Most of our contact happens via text – in a lively chat that we should probably encrypt and hope and pray is never subpoenaed. We share a lot of weariness in that space. So much so that from time to time we have to remind one another that constantly seeing what is hard and negative probably isn’t healthy.

 

But…when we come together in the same room it is a PARTY. We gathered earlier this year for a mid-afternoon watch party of the movie Are You There God, It’s Me, Margaret. Just this past week we gathered for a healthy homemade lunch of soup and bread and salad and dessert…and laughter and tears of joy and shared love. 

 

The weariness, our tight schedules, our overwhelming to do lists, and the stress of whether or not we are doing enough faded for a couple hours of connected joy. That connected joy is rooted in shared life and unconditional love and encouragement for one another.

 

Thanks be to God.

 

Similarly, Janice and I share a skin tingly, goose bumpy connection at times when we are sharing work, prayer, longings, and reflections about the world around us…and that all started with a moment of what felt a bit like electricity in a hallway at Annual Conference about 6 years ago. 

 

In retrospect, that encounter was a moment not unlike the one we witness between Elizabeth and Mary in today’s gospel text – two women recognizing God’s call in their lives.  

 

Connectedness causes our bodies to respond. When we connect with one another, we are actually able to reflect the other’s inner experience – experiences like joy -  in ways that can’t necessarily be felt or seen in our solitude.

 

In today’s gospel lesson, Elizabeth becomes pregnant after years of infertility. And Mary, just a young girl at the beginning of her reproductive years, is visited by that feisty angel Gabriel to tell her that she will bear God’s son.

 

Each woman is carrying a child. Each woman, in her own home, in her own community, is carrying ponderous news – the kind of news that will be hard for their families and hometowns to fully understand. 

 

Elizabeth has kept to herself. Last week we looked at the story of her husband Zechariah receiving Gabriel’s visit in the Temple. Because of his questions to Gabriel, because of his seeming doubt, Zechariah is rendered speechless. We can assume that he was able to reveal to his wife Elizabeth SOME of what Gabriel said using signs and charades and perhaps even written words, but could he transmit the fullness of his experience and the news he was given? 

 

Perhaps Elizabeth’s time of seclusion was a time of fear. Perhaps she was worried that she’d also have her speech taken away. Perhaps she’d experienced pregnancy loss in the past. Perhaps she needed time to sit with what was going on. The text suggests she’s older. So there is both the physical burden and the emotional burden of coming to grips with growing another human inside her body.  

 

And Mary’s position is more perilous. At a minimum, she may face being shamed and excluded from community. Her betrothed is likely to shun her, assuming the worst. So what was it like for her to steal away from her family and travel, probably by herself, from Nazareth to Hebron? It was probably about 100-mile journey. That is many days of hard travel for a very young woman – and I assume it might not have been very safe. 

 

Can you imagine Mary showing up at Elizabeth’s door? Perhaps Elizabeth looks weary from the physical work of growing a child. And Mary is covered with the dust and weariness of her travels. Mary wouldn’t have known Elizabeth’s news. And of course, Elizabeth wouldn’t have anticipated Mary’s news…

 

But in their shared miraculous state, Mary greets Elizabeth and the baby inside of Elizabeth leaps. Maybe it was the first time she realized that there was a baby that was able to move inside of her. What an electric moment.

 

Filled with the Holy Spirit, Elizabeth exclaims:

“Blessed are you among women, and blessed is the fruit of your womb… 

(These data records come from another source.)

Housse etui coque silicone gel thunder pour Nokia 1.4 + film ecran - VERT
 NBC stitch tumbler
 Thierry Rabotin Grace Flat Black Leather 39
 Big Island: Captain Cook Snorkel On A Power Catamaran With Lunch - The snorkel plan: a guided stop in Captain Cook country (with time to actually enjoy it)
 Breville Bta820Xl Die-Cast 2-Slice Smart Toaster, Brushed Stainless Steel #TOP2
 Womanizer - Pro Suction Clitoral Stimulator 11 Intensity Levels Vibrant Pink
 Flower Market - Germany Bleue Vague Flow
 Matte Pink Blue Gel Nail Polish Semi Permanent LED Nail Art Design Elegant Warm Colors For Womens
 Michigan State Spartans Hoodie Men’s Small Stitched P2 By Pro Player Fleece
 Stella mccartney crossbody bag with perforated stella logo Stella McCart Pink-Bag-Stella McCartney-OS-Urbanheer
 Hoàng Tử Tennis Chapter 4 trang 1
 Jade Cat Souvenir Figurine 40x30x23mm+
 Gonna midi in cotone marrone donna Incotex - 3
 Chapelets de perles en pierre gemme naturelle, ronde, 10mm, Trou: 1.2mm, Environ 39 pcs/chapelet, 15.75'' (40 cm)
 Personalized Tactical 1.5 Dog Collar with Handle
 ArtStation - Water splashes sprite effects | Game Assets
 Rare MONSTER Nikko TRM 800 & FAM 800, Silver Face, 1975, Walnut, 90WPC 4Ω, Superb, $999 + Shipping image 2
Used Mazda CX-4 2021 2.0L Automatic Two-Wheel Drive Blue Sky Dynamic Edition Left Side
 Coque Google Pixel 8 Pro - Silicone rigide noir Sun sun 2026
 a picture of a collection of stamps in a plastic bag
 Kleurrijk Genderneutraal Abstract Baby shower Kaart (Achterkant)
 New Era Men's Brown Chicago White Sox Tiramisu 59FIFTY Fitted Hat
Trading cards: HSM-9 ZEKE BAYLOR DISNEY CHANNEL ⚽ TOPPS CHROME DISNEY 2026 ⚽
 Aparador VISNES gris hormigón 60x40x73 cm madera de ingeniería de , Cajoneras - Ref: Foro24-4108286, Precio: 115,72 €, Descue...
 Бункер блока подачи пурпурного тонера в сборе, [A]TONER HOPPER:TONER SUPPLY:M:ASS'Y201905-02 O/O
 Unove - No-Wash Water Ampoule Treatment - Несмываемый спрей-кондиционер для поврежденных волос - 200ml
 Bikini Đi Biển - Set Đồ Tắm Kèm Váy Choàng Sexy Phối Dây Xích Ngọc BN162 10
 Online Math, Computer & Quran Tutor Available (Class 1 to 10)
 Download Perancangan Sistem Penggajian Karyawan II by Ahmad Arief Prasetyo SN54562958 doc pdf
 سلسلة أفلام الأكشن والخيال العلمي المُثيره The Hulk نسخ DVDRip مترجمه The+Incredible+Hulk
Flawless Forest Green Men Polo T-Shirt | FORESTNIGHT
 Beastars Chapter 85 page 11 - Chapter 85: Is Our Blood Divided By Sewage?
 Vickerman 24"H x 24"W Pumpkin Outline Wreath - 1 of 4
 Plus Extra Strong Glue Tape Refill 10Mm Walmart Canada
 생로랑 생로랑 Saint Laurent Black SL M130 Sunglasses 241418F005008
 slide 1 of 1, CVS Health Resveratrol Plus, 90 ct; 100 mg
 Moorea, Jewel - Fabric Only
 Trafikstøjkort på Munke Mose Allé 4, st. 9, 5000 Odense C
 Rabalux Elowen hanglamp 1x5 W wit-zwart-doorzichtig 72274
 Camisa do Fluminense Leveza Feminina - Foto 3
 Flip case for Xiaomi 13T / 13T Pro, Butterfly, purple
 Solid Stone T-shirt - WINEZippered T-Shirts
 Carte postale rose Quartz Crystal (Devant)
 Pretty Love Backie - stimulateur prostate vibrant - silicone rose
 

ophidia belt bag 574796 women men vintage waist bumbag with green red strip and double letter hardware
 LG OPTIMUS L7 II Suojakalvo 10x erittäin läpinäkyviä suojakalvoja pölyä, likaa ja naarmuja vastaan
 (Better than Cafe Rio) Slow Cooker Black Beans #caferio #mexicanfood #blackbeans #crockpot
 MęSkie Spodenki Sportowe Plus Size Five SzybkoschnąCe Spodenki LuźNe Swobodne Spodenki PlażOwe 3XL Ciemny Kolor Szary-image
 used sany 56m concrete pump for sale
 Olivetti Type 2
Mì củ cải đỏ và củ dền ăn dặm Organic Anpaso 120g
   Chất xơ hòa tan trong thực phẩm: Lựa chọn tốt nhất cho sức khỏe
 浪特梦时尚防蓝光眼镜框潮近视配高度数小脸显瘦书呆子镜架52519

…And blessed is she who believed that there would be a fulfillment of what was spoken to her by the Lord.”

 

Something happens to these women in this moment. There is a release here from the burdens of what they do not know and cannot fully understand. Each of them has a moment to allow their excitement, their wonder, their BLESSING to be seen by the other…

 

That is a form of joy.

It is the joy that the angel Gabriel promised to Zechariah. And it is joy that is manifested in Elizabeth by the vital movements of the baby inside of her.

 

Elizabeth’s word in the moment of connection are full of excitement and revelation of God… her loud cry is said to be full of the Holy Spirit. In the moment she sees Mary she is able to NAME the blessed state Mary is in, and she names Mary as the mother of the LORD. The leaping of the child within her also suggests the special nature of the the child she carries – also full of the Spirit.

 

Can you imagine God receiving you in the way that Elizabeth receives Mary? Open arms? Full of affirmation? Full of revelation?

 

One of the first times that I was conscious of being in the presence of God, I woke from a deep sleep laughing, with a radiating sensation of joy that felt like it was part of my being. I had been received for a time in God’s arms.

 

What if those moments when we connect to one another are glimpses of God’s desired joyful connection with us?

 

Today, we gather at a table for a joyful sharing in the meal where we are invited by God, met by Jesus and surrounded by the Holy Spirit. We come to the table in community, and we know that by some mystery, others we’ve never met gather with us. God gathers us together in this space, and my deep prayer is that we meet God and one another with JOY…Joy that we then bring to others around us in deep connection.

 

May it be so. 

Amen.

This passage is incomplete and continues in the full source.